* **Problem statement**:
The answer must be an exact copy of the lines from the one with "Yerli turist Bodrum’u kalkındırıyor" to the last line of the entries below, both included, and must contain no pictures.

* **Provided records**:
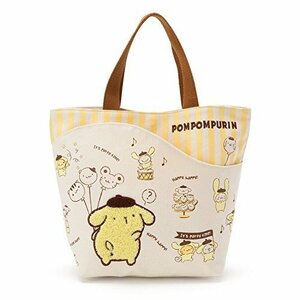 新品ですが全文読んで下さい 紙タグ無し ポムポムプリン 手提げ バッグ 2017年　激レア　sanrio original 新品紙タグ無し 今では入手困難品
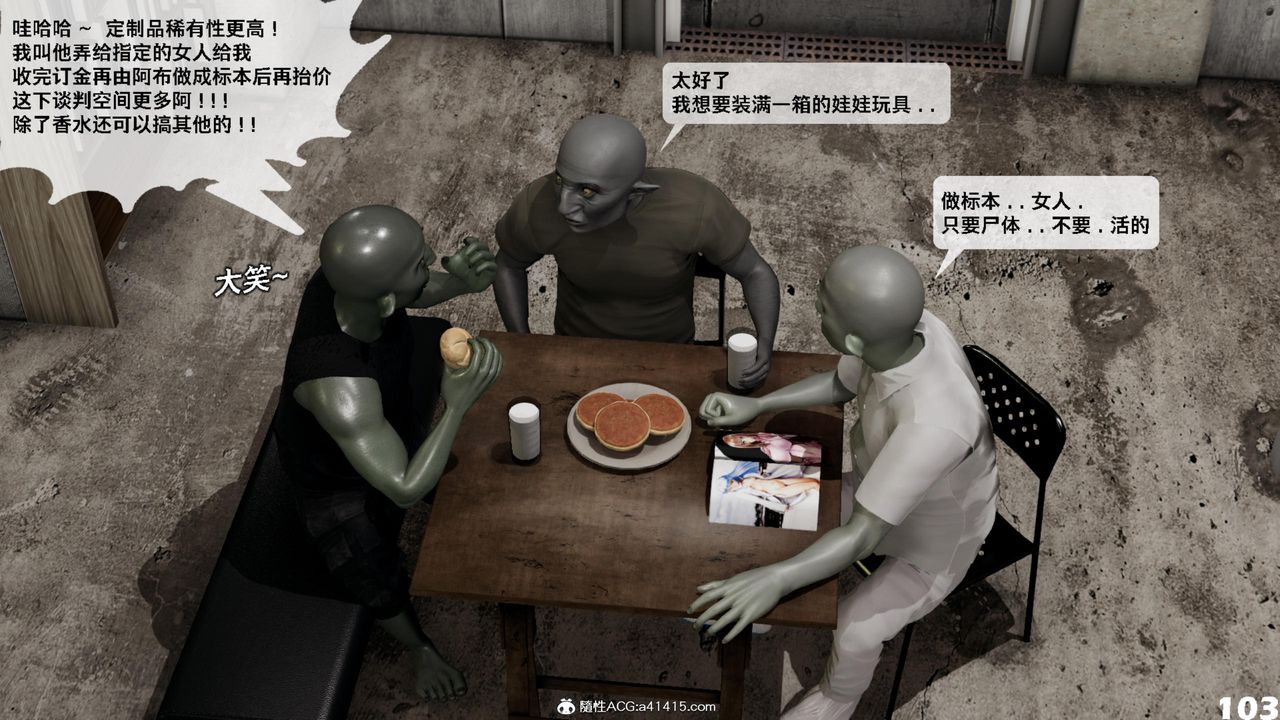 [3D]哥布林朋克世界第15话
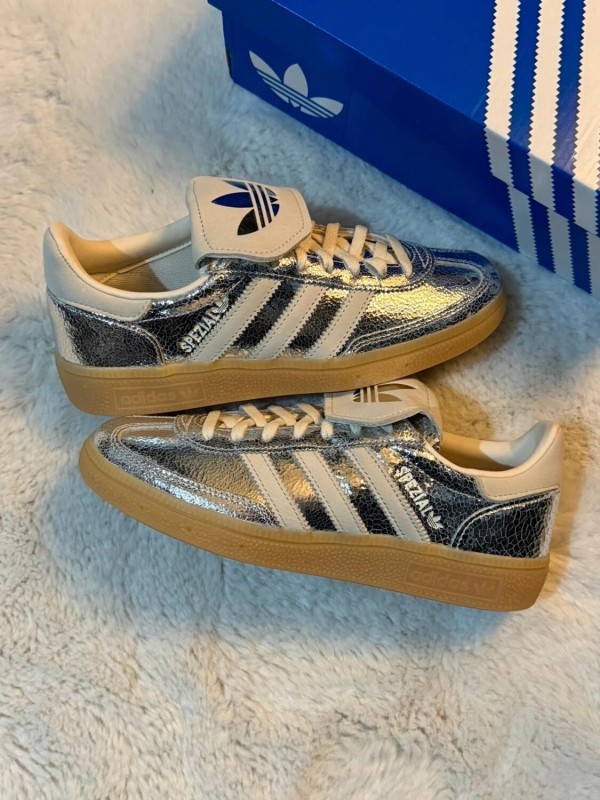Adidas handball spezial lt silver metallic 36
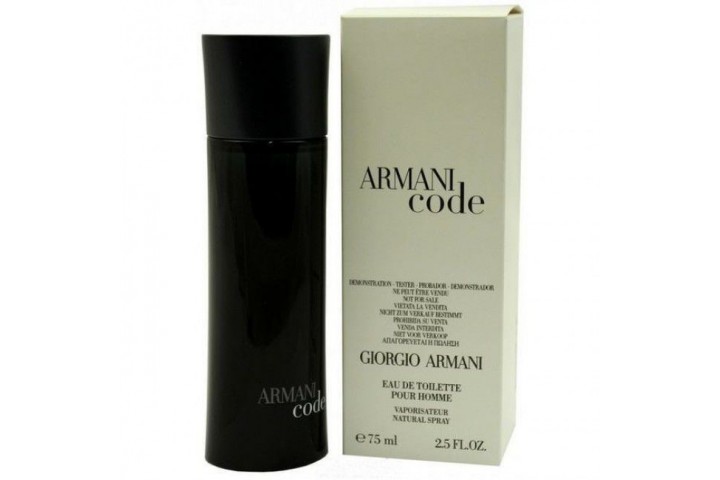 Giorgio Armani Black Code TESTER мужской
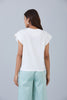Spread the Wings Top White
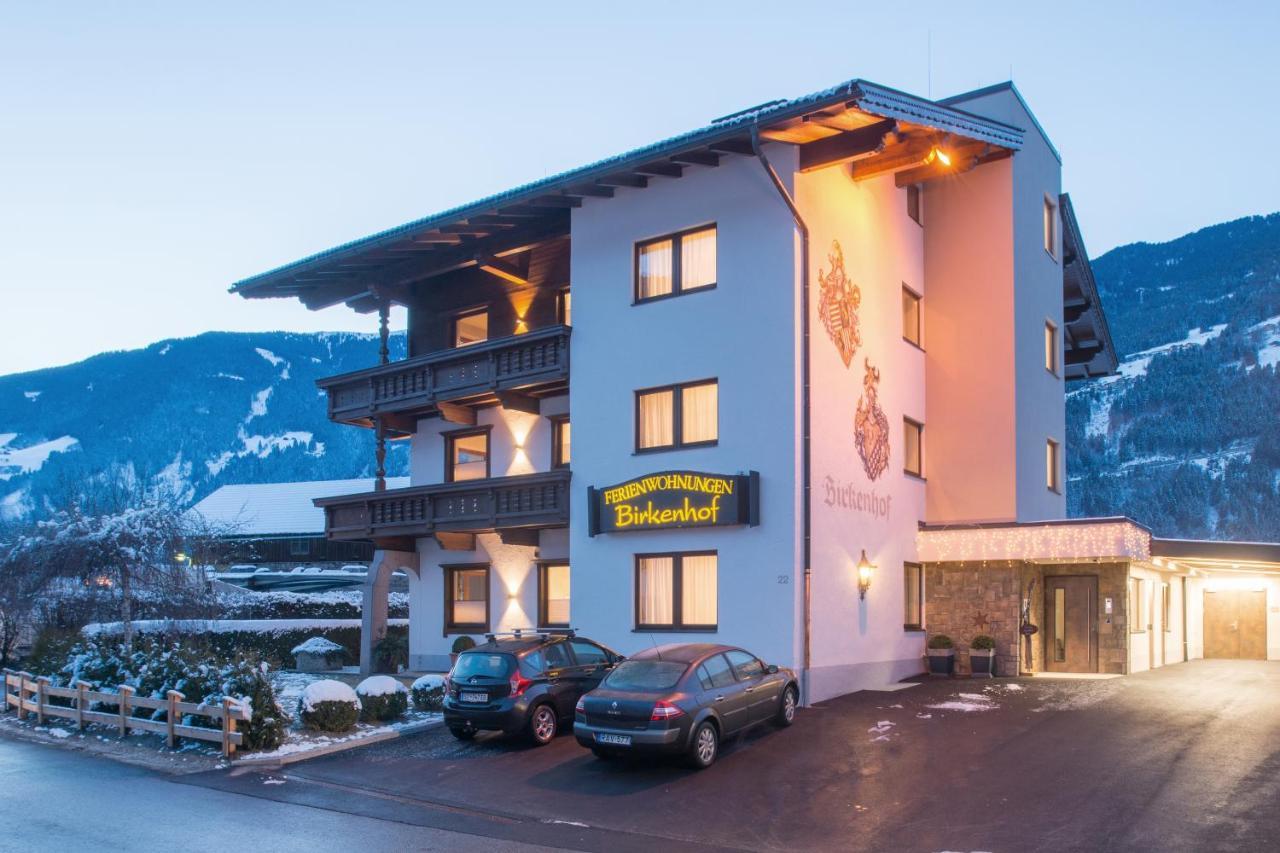 Birkenhof Apartment Цел ам Цилер Екстериор снимка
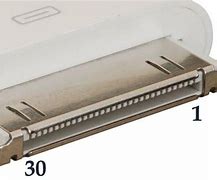 Image result for iPod 30-Pin Connector Pinout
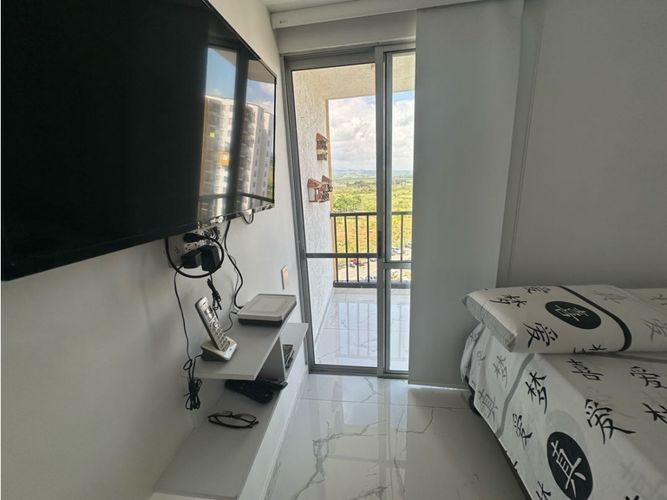 Apartamento de 3 alcobas en venta en Cr. La Arboleda, Jamundí, 61 m² · foto 18 de 24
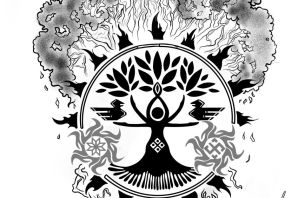 Эскизы оберегов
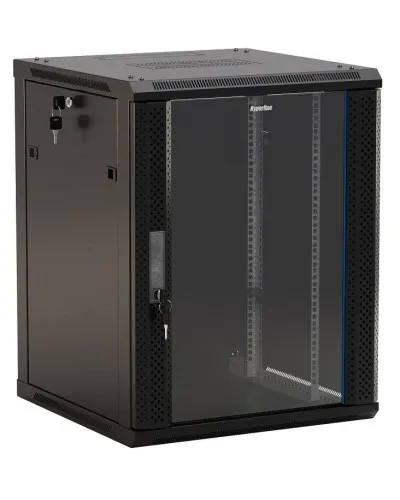 TWB-2245-GP-RAL9004. Шкаф телекоммуникационный 19 настенный 22U. Hyperline в Благовещенске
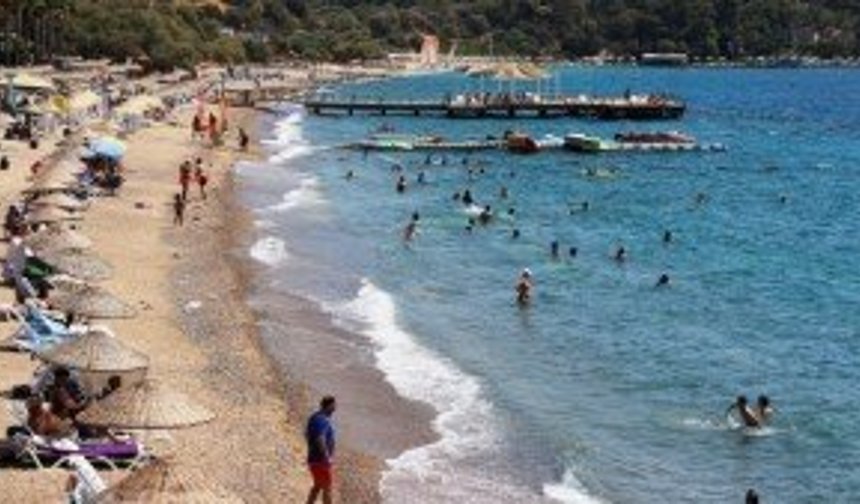 Yerli turist Bodrum’u kalkındırıyor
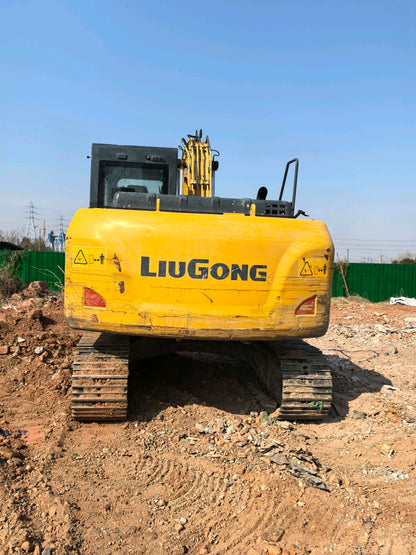 Excavadora CLG915E Liugong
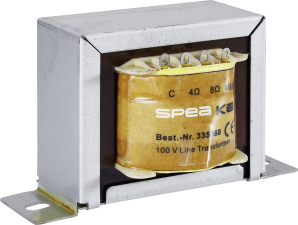 Ela-Tonfrequenz-überträger 50 W Ela-Tonfrequenz-überträger 50 W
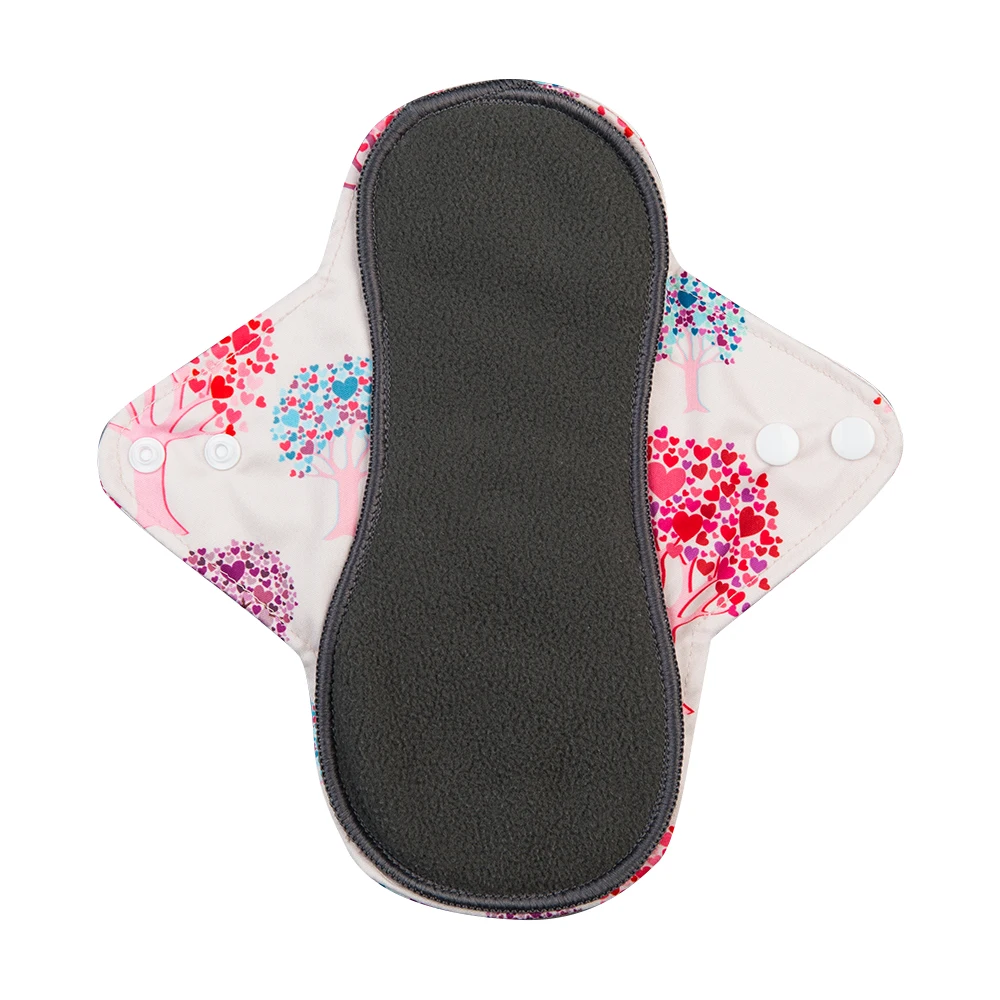 Waterpoof Menstrual Pad Washable Sanitary Pad Reusable MC Period  Liner Tampon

* **Exercise solution**:
 Yerli turist Bodrum’u kalkındırıyor
 Excavadora CLG915E Liugong
 Ela-Tonfrequenz-überträger 50 W Ela-Tonfrequenz-überträger 50 W
 Waterpoof Menstrual Pad Washable Sanitary Pad Reusable MC Period  Liner Tampon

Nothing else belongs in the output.